Bilan et perspectives

Cette journée d’action a été sans aucun doute un beau succès en termes du nombre de personnes présentes, d’autant plus que la manifestation avait lieu en dehors de Bruxelles en semaine. D’un point de vue organisationnel, le Resap a fait un très beau travail de coordination des différentes organisations paysannes et de soutien. Un point fort à souligner était le bilinguisme de cette journée, avec un effort manifeste qui a été déployé pour que tout soit accessible aux francophones comme aux néerlandophones. Le cortège était très dynamique et joyeux, avec brouettes, tracteurs et chants dans les deux langues. Les actions déployées (déverser de la terre, accrocher une banderole sur un des bâtiments du supermarché, etc.) avaient une forte portée symbolique et médiatique, et permettent également d’interpeller l’attention des passant·e·s alentour.

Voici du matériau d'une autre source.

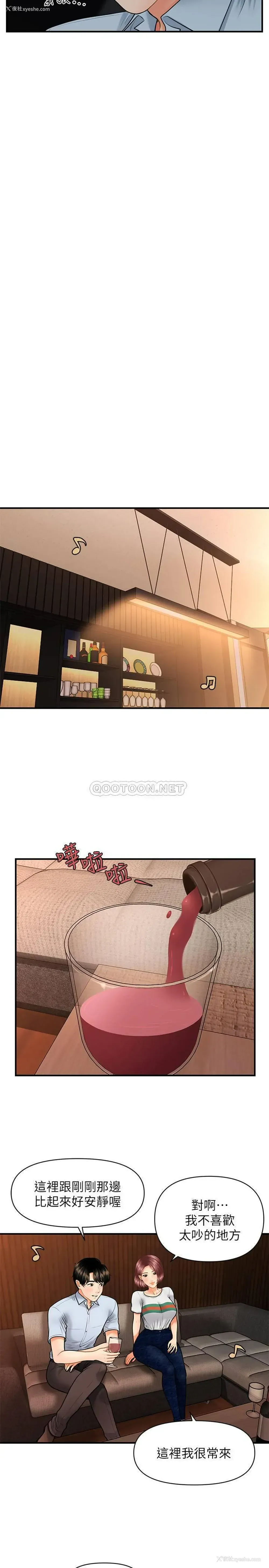 12P - 医美奇鸡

Les paysan·ne·s et manifestant·e·s présent·es se situaient également dans une perspective clairement anticapitaliste, en rappelant le rôle de l’agro-business dans la crise agricole que nous vivons aujourd’hui et en demandant un changement de paradigme radical vers l’agroécologie paysanne. Néanmoins, malgré une énergie bien présente, le rapport de force avec la direction de Colruyt reste très largement en notre défaveur. Décimée par plus de 60 ans de politiques libérales favorisant les grandes exploitations industrielles, la paysannerie européenne et belge représente à présent une fraction minime de la population et peine en conséquence à faire pression par la mobilisation de masse. Les alliances avec le salariat et les autres syndicats sont par ailleurs presque inexistantes, tandis que ce sont plutôt les ONG environnementales qui s’organisent autour du mouvement paysan.

Toutefois, cette paysannerie qui continue à se battre pour des systèmes alimentaires durables, locaux, sains et des prix justes doit être soutenue car elle constitue aujourd’hui une des forces les plus vives de résistance à la destruction capitaliste, tant au niveau européen qu’international avec l’organisation de millions de paysan·ne·s au sein de la Via Campesina. Ce vendredi 15 avril, un des paysans présents à Halle a rappelé dans son discours le potentiel révolutionnaire de la paysannerie. Les systèmes alimentaires sont à la base de toute organisation sociale, et il est absolument crucial que celleux qui croient en une alternative écosocialiste et anticapitaliste investissent cette question, soutiennent les luttes paysannes et travaillent ensemble à développer des alternatives agricoles et alimentaires au système agro-industriel qui soient accessibles, saines et abordables pour tou·te·s.